**Work to be completed:** In the copy you make, keep each entry exactly as it is and leave out all images.

**Material for this exercise:**

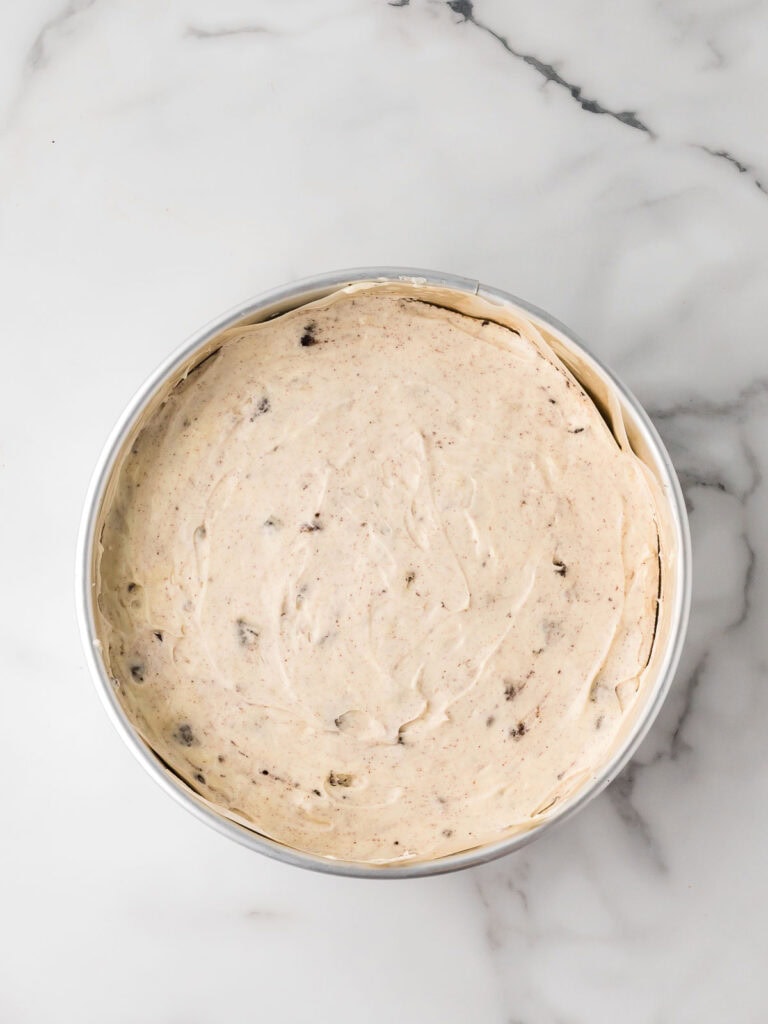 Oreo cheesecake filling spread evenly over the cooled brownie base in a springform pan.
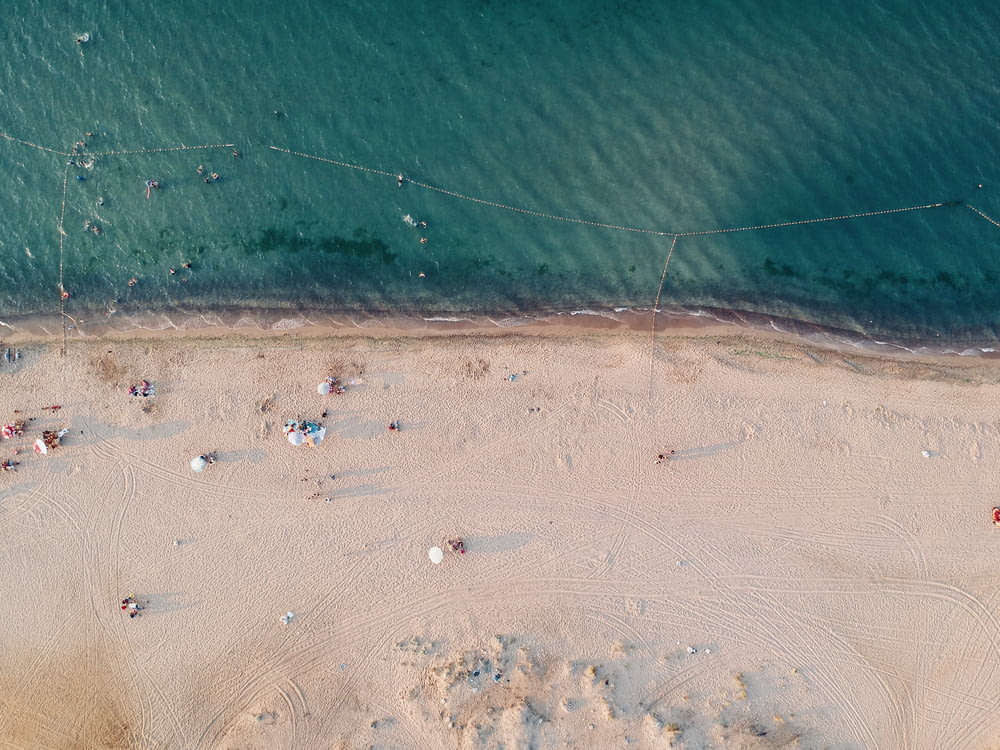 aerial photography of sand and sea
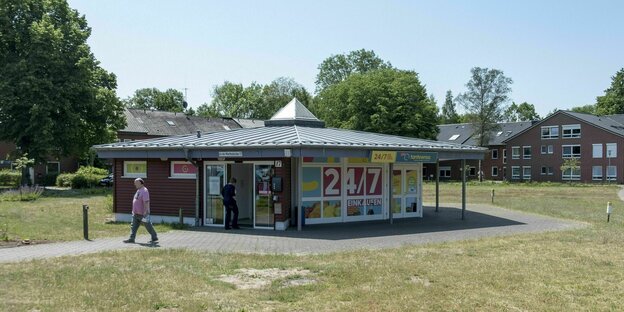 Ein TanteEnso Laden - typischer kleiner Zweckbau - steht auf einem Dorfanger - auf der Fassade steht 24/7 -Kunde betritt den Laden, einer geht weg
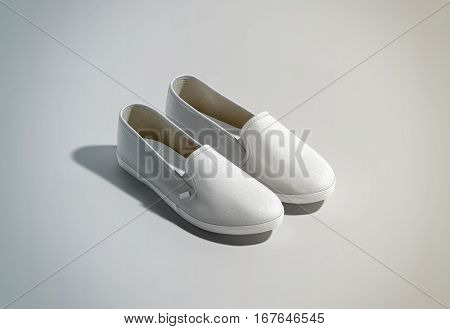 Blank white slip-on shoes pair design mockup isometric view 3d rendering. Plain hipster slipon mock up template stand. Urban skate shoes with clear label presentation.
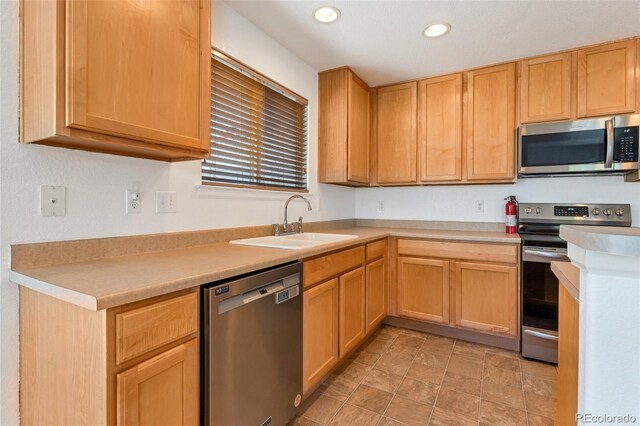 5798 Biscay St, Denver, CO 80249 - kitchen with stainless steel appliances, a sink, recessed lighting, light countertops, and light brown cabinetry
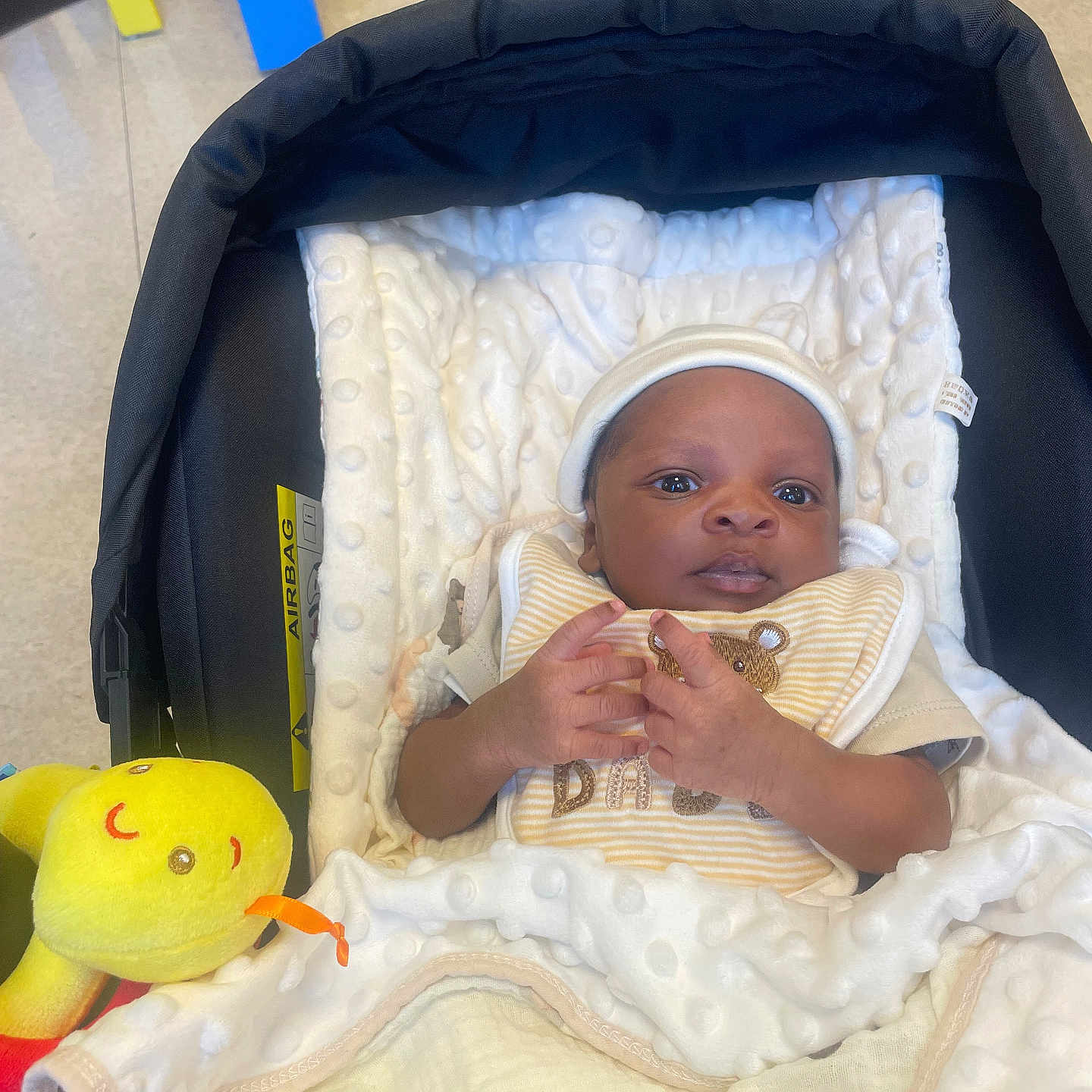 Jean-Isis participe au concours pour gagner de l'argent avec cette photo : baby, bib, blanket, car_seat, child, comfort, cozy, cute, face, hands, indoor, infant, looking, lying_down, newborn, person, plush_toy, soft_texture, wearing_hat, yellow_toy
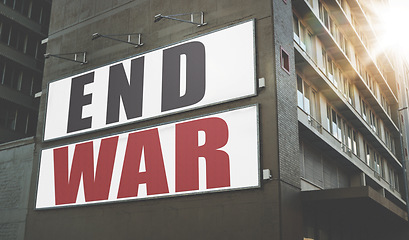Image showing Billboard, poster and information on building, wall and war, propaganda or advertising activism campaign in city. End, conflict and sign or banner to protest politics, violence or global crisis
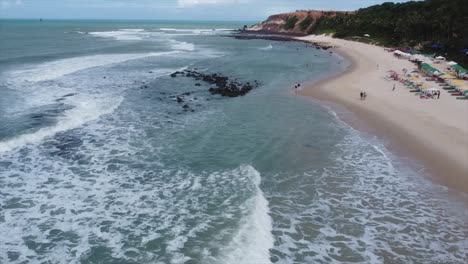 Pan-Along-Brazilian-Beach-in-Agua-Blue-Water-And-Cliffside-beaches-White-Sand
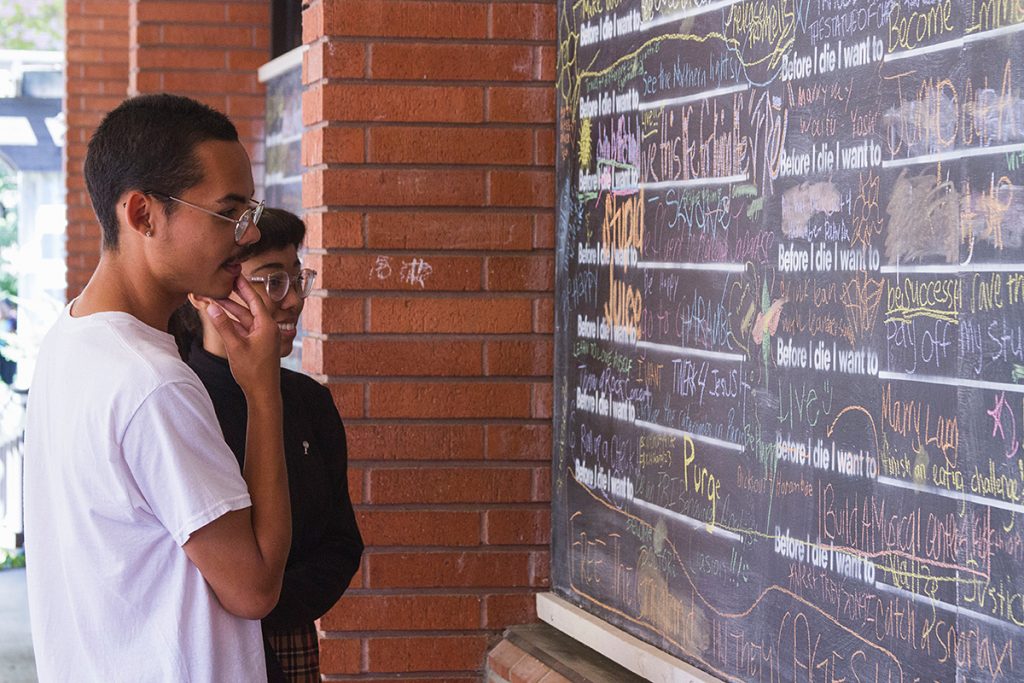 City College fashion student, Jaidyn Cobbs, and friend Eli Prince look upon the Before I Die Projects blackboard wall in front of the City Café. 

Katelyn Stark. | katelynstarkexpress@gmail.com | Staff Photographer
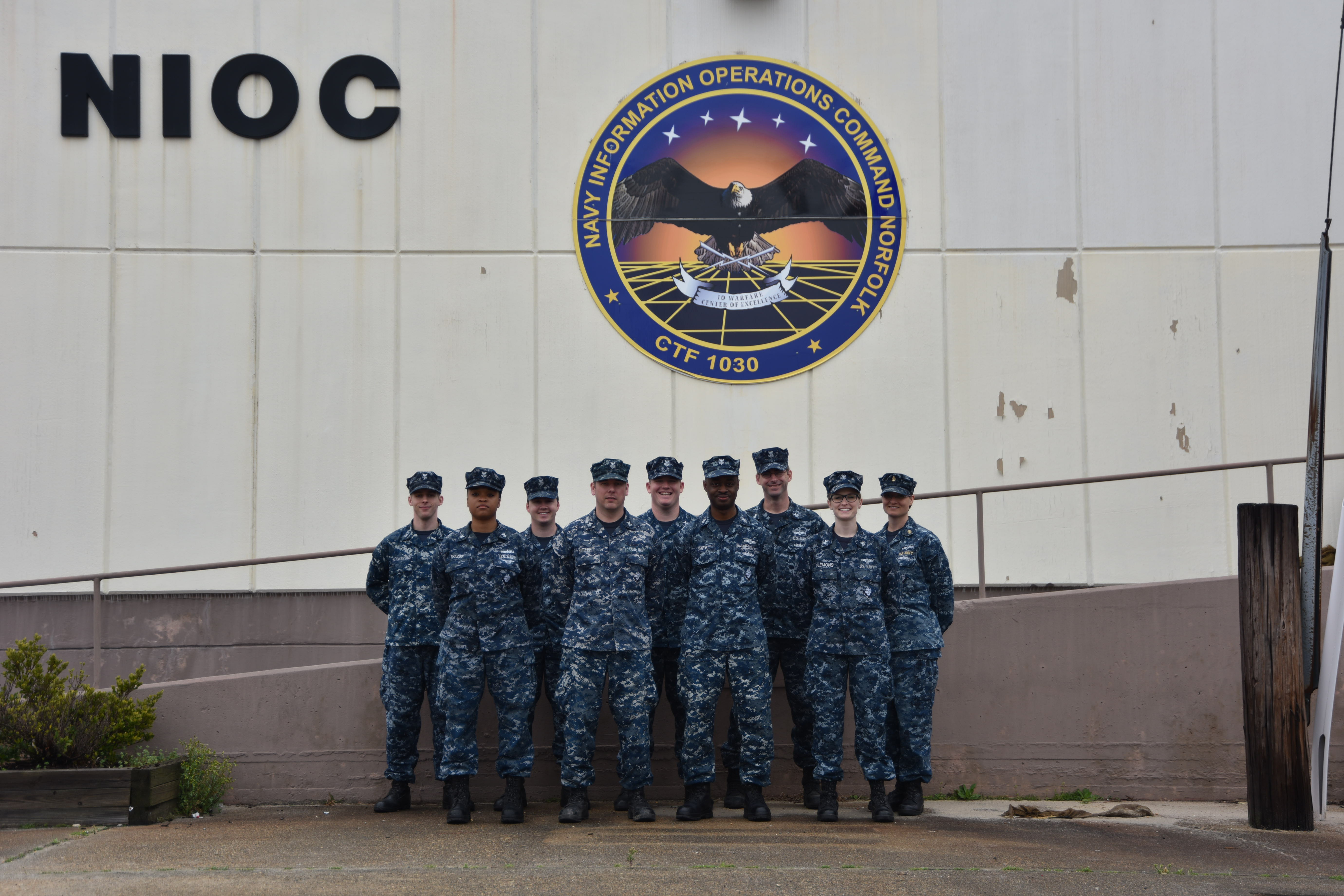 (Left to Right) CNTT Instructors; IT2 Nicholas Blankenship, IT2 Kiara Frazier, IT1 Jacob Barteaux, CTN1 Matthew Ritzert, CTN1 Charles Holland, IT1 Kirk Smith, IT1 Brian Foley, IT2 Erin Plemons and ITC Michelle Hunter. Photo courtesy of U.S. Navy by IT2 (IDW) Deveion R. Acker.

**Answer below:**
 Oreo cheesecake filling spread evenly over the cooled brownie base in a springform pan.
 aerial photography of sand and sea
 Ein TanteEnso Laden - typischer kleiner Zweckbau - steht auf einem Dorfanger - auf der Fassade steht 24/7 -Kunde betritt den Laden, einer geht weg
 Blank white slip-on shoes pair design mockup isometric view 3d rendering. Plain hipster slipon mock up template stand. Urban skate shoes with clear label presentation.
 5798 Biscay St, Denver, CO 80249 - kitchen with stainless steel appliances, a sink, recessed lighting, light countertops, and light brown cabinetry
 Jean-Isis participe au concours pour gagner de l'argent avec cette photo : baby, bib, blanket, car_seat, child, comfort, cozy, cute, face, hands, indoor, infant, looking, lying_down, newborn, person, plush_toy, soft_texture, wearing_hat, yellow_toy
Image showing Billboard, poster and information on building, wall and war, propaganda or advertising activism campaign in city. End, conflict and sign or banner to protest politics, violence or global crisis
 Pan-Along-Brazilian-Beach-in-Agua-Blue-Water-And-Cliffside-beaches-White-Sand
 City College fashion student, Jaidyn Cobbs, and friend Eli Prince look upon the Before I Die Projects blackboard wall in front of the City Café. 

Katelyn Stark. | katelynstarkexpress@gmail.com | Staff Photographer
 (Left to Right) CNTT Instructors; IT2 Nicholas Blankenship, IT2 Kiara Frazier, IT1 Jacob Barteaux, CTN1 Matthew Ritzert, CTN1 Charles Holland, IT1 Kirk Smith, IT1 Brian Foley, IT2 Erin Plemons and ITC Michelle Hunter. Photo courtesy of U.S. Navy by IT2 (IDW) Deveion R. Acker.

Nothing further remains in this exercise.